6.2    Take necessary action to ensure that an efficient and effective service is provided to the State.

6.3    Maintain constant liaison and provide advice to all State bodies, departmental heads and Minister on matters affecting their departments.

6.4    Liaise with and provide advice to the Attorney General and Secretary for Justice on all major litigation matters and other litigation matters affecting the State.

6.5    Certify and advice the Secretary for Finance on satisfaction of Judgments debts against the State.

6.6    Consultation with the Attorney General, on matters brief outs and engagement of barristers and solicitors to act for the State in major litigation matters.

6.7    Oversee and manage all cases and files on the electronic case management system.

7.    Reporting and working relationship– Internal

•    Reporting to the Secretary for Justice.

•    Reporting to the Attorney General.
•    Liaise with Heads of Governments, Ministers and other heads of statutory bodies on litigation matters affecting their departments.
•    Liaise with Deputy Solicitor Generals – Headquarters and OICs for the branch offices.

8.    Working Relationship – External

•    Provide advice to Minister for Justice and other government Ministers on court matters affecting their departments.
•    Brief heads of government departmental heads and statutory bodies on all litigation matters affecting their departments.
•    Brief and liaise with independent Counsel who is engaged to act on behalf of the State.

9.    Claims Against the State

9.1    Pursuant to Section 5 of the Claims By and Against the State Act 1996, it is a requirement that a person intending to make a claim against the State must give “Notice of his intention to make a claim against the State” to the Departmental Head responsible for Justice matters or the Solicitor General or their secretary personally within six (6) months after the occurrence out of which the claim arose.
9.2    If no such “Notice” is given, then under Section 5 (1) of the Claims By and Against the State Act 1996, a person runs the risk of having their claim against the State being dismissed for failure to give the Section 5 Notice.

9.3    However, there is avenue available for an extension of time to give Section 5 Notice, should there be sufficient cause being shown to the Principal Legal Adviser (Departmental Head responsible for Justice matters) or the court before which the action is instituted for the delay in the giving of Section 5 Notice.

10.    Volume of Work

10.1    Records of Claims Against the State

There are presently over 8,827 claims registered in the Office of the Solicitor General the value of these claims ranges from an amount of K5, 000 in the District Court to K30 million in the National Court of Papua New Guinea.
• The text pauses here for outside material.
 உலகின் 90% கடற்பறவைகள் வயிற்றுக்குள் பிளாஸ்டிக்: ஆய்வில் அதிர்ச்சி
The accumulated value of these claims can be best put in excess of K400 million. Of these 5,500 files, it is estimated that an officer has carriage of about 300 files each.
10.2    The majority of the registered claims are from the Highlands Region.  Approximately, 3 quarters of those claims involve the police.  Police raids on villages, looting and destruction of property and food gardens, assault, brutality and breach of Constitutional rights are the common allegations against the police.

10.3    Workers Compensation claims

Workers Compensation claim arise where a Worker receives injuries or dies in the course of his duties or in connection with his duties. The Workers Compensation Tribunal hears the claims.  Two lawyers from the Solicitor General's Office have carriage of Workers Compensation files.  This is in addition to their workload of other litigation files. There are about 298 workers compensation files pending settlement.

10.4    Land Titles Commission Awards

The awards by the Land Titles Commission have increased dramatically in the last 18 months and so far, over 100 claims have been registered and the value of the awards has increased drastically.

11.    Payments made on Judgment debts and Claims against the State

11.1    Overall, the Finance Department has paid some K56 million in the last 12 months to satisfy judgment debts and settlements out of Court.

11.2    It is estimated that claims valued at some K550 million are still pending settlement or ready to go for a trial before the Courts.

12.    Constraints

12.1    Claims against Police

The single biggest problem that the office faces with regard to these claims is that police (the biggest client Department) often does not provide the necessary instructions in time or at all for the State to defend the State in claims against the Police.  As a consequence default judgments are taken out against the State in default of filing a Defence to the Statement of Claim.  If the office receives some form of instructions from the police, default judgments could be avoided.  Often the amounts awarded by way of default judgment are substantial.  It should be noted here that other Government Departments are also to be blamed for failure to provide sufficient instructions to enable the Office of the Solicitor General to defend proceedings against the State.

12.2    This situation is most unsatisfactory and is certainly not in the best interest of the State.  There must be an improvement in this area to enable an ongoing dialogue and consultation between Government Departments and the Office of the Solicitor General.  

12.3    All in all, the office is now capably defending many of such claims.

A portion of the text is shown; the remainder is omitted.